中国的加速崛起需要世界城市的支撑
1.世界城市是对全球经济、政治、文化具有控制力和影响力的国际中心城市
经济全球化、政治多极化、文化多元化和社会信息化的相互交织和互为推动加速了全球网络的形成。以城市为载体,在全球网络中形成了资源要素流转和配置的一个个节点。这些节点集结成为一个多极化、多层次的世界城市网络体系。其中,对全球经济、政治、文化具有影响力和控制力的主要节点城市就是世界城市。

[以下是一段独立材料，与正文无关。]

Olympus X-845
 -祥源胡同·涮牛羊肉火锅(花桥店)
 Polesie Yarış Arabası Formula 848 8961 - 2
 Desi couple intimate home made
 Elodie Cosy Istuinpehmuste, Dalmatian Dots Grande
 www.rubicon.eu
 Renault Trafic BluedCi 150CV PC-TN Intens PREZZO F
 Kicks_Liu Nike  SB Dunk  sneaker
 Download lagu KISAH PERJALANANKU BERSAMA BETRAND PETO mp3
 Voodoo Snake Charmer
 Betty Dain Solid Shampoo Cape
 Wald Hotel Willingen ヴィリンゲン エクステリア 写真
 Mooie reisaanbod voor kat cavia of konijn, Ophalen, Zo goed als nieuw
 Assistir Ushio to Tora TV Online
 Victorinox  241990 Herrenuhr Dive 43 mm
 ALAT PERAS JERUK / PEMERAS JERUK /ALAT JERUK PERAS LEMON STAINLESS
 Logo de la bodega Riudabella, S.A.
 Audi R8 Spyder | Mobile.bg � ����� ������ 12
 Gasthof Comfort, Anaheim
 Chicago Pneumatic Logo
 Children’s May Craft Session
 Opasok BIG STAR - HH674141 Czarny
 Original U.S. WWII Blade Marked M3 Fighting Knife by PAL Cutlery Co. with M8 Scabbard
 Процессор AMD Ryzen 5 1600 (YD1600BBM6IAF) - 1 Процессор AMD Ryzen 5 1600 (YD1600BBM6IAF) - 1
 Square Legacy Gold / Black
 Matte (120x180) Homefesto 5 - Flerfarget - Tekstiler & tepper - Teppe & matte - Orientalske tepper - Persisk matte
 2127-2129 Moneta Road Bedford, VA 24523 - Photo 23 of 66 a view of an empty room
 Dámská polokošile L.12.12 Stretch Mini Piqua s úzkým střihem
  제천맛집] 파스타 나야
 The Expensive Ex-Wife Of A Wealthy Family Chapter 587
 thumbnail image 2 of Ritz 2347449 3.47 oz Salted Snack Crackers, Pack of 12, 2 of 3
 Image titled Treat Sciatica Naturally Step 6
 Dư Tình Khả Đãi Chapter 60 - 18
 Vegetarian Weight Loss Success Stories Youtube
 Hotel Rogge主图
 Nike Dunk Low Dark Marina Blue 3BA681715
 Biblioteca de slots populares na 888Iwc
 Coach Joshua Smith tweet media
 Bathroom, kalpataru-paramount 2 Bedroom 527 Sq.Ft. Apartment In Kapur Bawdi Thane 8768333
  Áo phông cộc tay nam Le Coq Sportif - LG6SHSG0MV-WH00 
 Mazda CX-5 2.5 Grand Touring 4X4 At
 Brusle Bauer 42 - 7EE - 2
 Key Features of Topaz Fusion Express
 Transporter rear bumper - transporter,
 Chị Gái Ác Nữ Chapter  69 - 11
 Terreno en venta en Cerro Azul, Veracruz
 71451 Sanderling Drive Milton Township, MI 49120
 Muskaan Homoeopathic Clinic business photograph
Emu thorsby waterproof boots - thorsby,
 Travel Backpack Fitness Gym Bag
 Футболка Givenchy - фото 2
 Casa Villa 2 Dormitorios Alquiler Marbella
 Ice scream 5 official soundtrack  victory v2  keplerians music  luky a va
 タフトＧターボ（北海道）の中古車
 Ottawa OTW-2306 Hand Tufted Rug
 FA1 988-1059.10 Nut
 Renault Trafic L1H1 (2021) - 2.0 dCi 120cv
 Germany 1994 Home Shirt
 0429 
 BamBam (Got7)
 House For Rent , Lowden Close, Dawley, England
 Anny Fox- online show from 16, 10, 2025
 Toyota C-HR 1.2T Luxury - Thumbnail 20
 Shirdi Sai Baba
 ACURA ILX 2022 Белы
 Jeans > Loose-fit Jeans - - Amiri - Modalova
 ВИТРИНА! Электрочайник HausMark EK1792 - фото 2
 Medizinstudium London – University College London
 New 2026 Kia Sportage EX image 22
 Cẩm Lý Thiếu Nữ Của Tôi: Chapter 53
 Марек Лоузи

对全球政治经济具有控制力与影响力是世界城市的两个核心功能。世界城市的控制力主要表现在对全球战略性资源、战略性产业和战略性通道的占有、使用、收益和再分配。战略性资源是指与国家、城市的运转、发展、壮大息息相关的重要条件和能够带来巨大回报的关键要素,可以是硬性的自然资源、资金等资源,也可以是软性的政策、人才、信息等资源;战略性产业包括战略性支柱产业和战略性新兴产业。战略性支柱产业首先表现为很强的发展优势,对经济发展具有重大贡献,同时,直接关系经济社会发展全局和国家安全,对带动经济社会进步、提升综合国力具有重要促进作用。相比较而言,战略性新兴产业更多地表现为具有市场需求前景,具备资源能耗低、带动系数大、就业机会多、综合效益好的特征,包括新能源、新材料、生命科学、生物医药、信息网络、空间海洋开发、地质勘探等产业;当然,在全球城市网络当中,资源的流转与配置、产业的分工与合作是需要通道的。战略性通道就是以战略性区位优势为依托,以港口、航空、公路、铁路等现代化、立体化的综合交通体系为基础,构建面向全球的资源要素流通和产业梯度转移通道;这都是涉及全球政治安全和经济发展的长期性、全局性、关键性问题。只有对这些问题具有把控权、主动权,能够发挥决定性作用的城市才可以称之为世界城市。
从某种意义上来说,没有控制力也就没有影响力。控制力属于“硬实力”,而对于一个全球性的世界城市而言,还有一个更为重要的层面,就是“软实力”的建设,比如价值观、文化文明、城市精神等,而建设的核心都与无国界、多元文化、开放性等关键要素息息相关,更多地表现为对内的感召力和对外的影响力。作为一种具有强大辐射性和渗透性的软控制力,影响力是世界城市的核心功能之一。
从本质上讲,世界城市是全球战略性资源、战略性产业和战略性通道的控制中心,也是世界文明融合与交流的多元文化中心。深港都会世界城市的建设过程就是不断增加其对世界的控制力和影响力的过程。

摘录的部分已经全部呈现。